Data provided>
+ + + + + + +

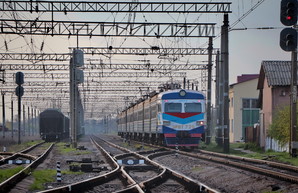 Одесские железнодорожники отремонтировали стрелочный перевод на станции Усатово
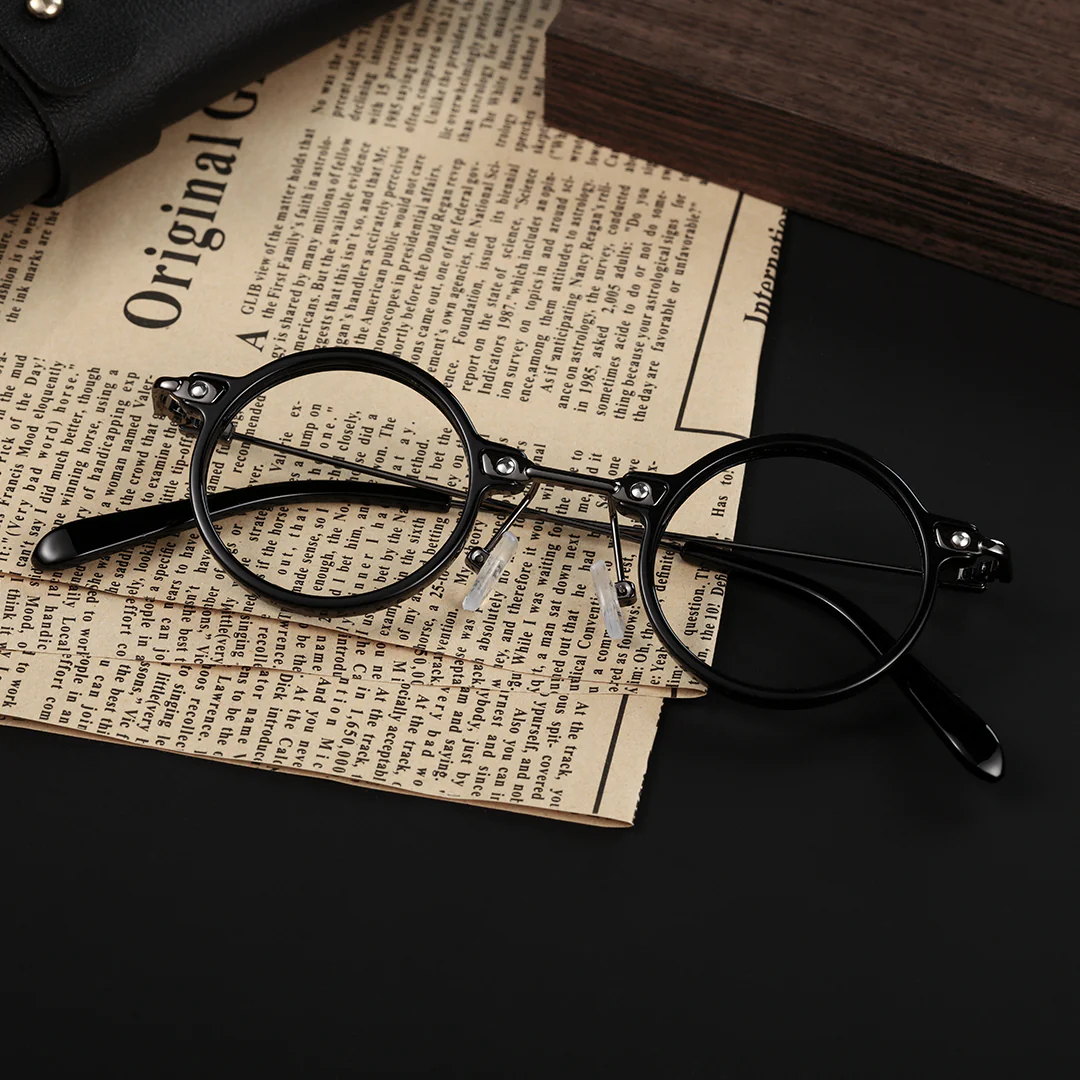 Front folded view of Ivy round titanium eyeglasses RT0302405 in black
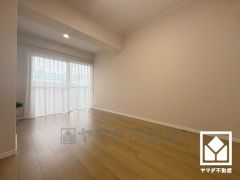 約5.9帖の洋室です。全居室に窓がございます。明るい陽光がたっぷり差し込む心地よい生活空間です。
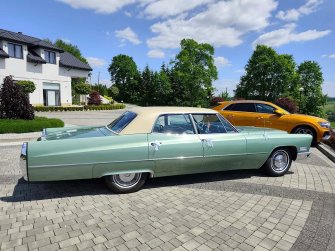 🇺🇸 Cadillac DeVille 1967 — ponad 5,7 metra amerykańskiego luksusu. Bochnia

+ + + + + + +

What the task asks> Repeat every line above precisely; pictures do not belong in the copy.

Finished exercise>
 Одесские железнодорожники отремонтировали стрелочный перевод на станции Усатово
 Front folded view of Ivy round titanium eyeglasses RT0302405 in black
 約5.9帖の洋室です。全居室に窓がございます。明るい陽光がたっぷり差し込む心地よい生活空間です。
 🇺🇸 Cadillac DeVille 1967 — ponad 5,7 metra amerykańskiego luksusu. Bochnia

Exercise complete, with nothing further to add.